PROBLEM STATEMENT
In the records below, find the line containing "Sweet Spooky Vampire" and the line containing "Ibiuna Prefabricated Weekend". Give again exactly those lines and every line between them, omitting the pictures.

Top of INFORMATION GIVEN

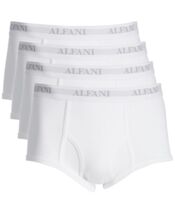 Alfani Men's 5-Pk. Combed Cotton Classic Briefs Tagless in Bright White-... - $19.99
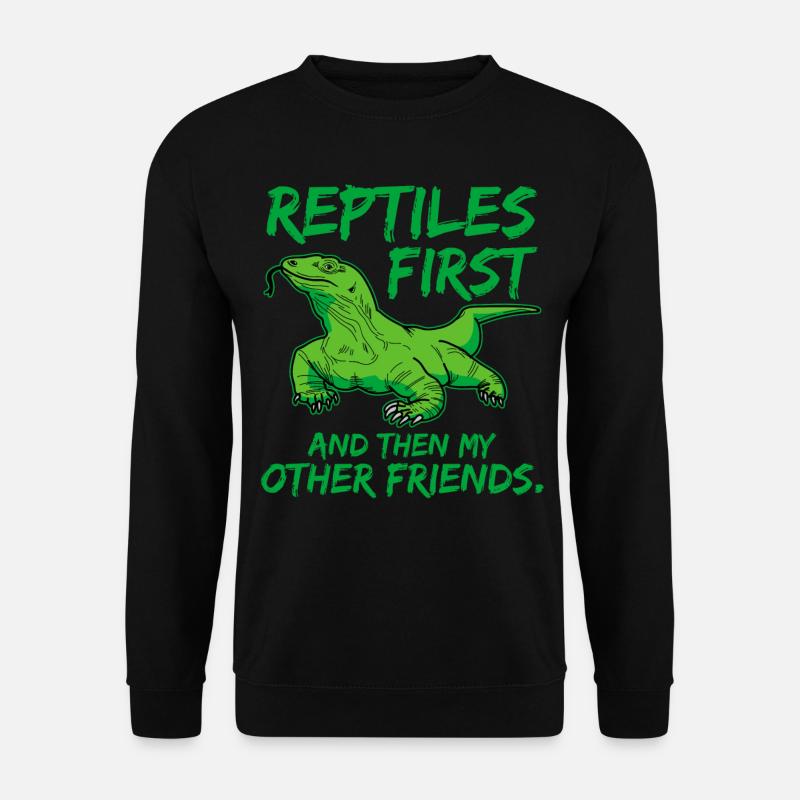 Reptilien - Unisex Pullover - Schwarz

Bottom of INFORMATION GIVEN
Top of INFORMATION GIVEN

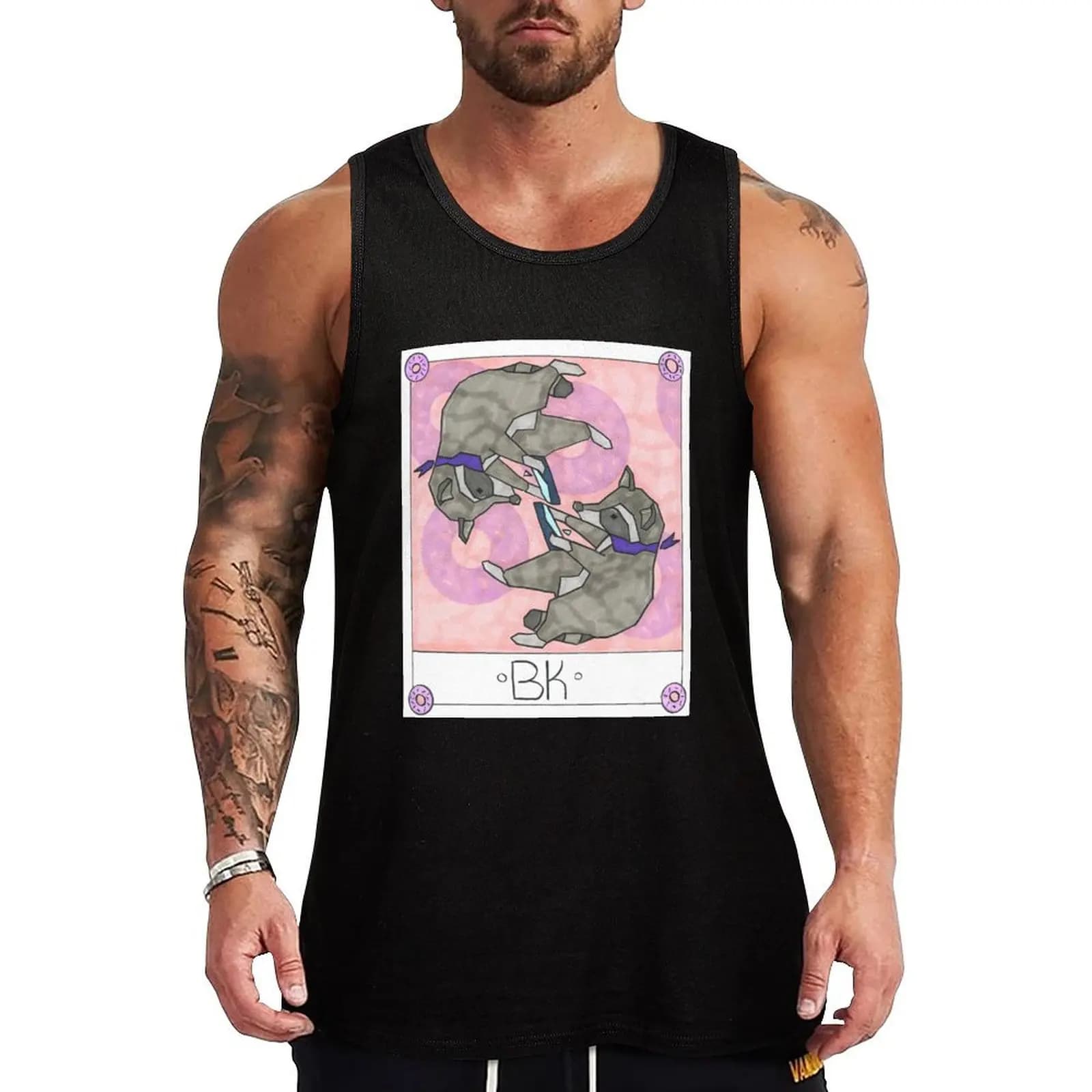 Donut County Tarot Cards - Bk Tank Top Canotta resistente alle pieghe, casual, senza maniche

Bottom of INFORMATION GIVEN
Top of INFORMATION GIVEN

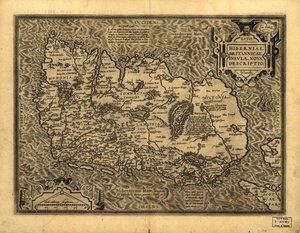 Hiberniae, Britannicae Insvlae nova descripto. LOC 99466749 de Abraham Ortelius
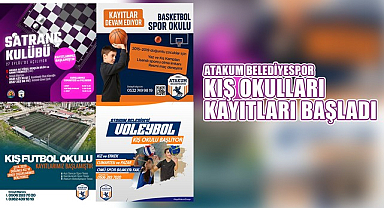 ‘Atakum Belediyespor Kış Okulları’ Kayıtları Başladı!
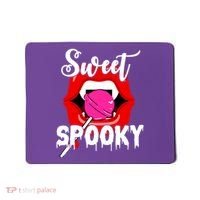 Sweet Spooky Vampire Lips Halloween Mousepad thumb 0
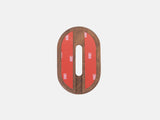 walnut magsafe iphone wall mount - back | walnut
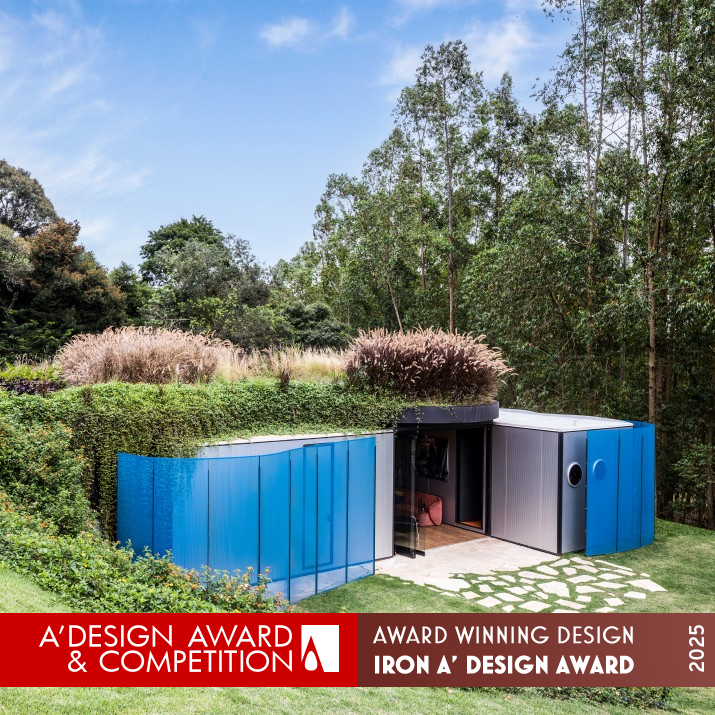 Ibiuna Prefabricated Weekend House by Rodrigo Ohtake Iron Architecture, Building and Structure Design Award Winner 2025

Bottom of INFORMATION GIVEN

FINISHED TASK
 Sweet Spooky Vampire Lips Halloween Mousepad thumb 0
 walnut magsafe iphone wall mount - back | walnut
 Ibiuna Prefabricated Weekend House by Rodrigo Ohtake Iron Architecture, Building and Structure Design Award Winner 2025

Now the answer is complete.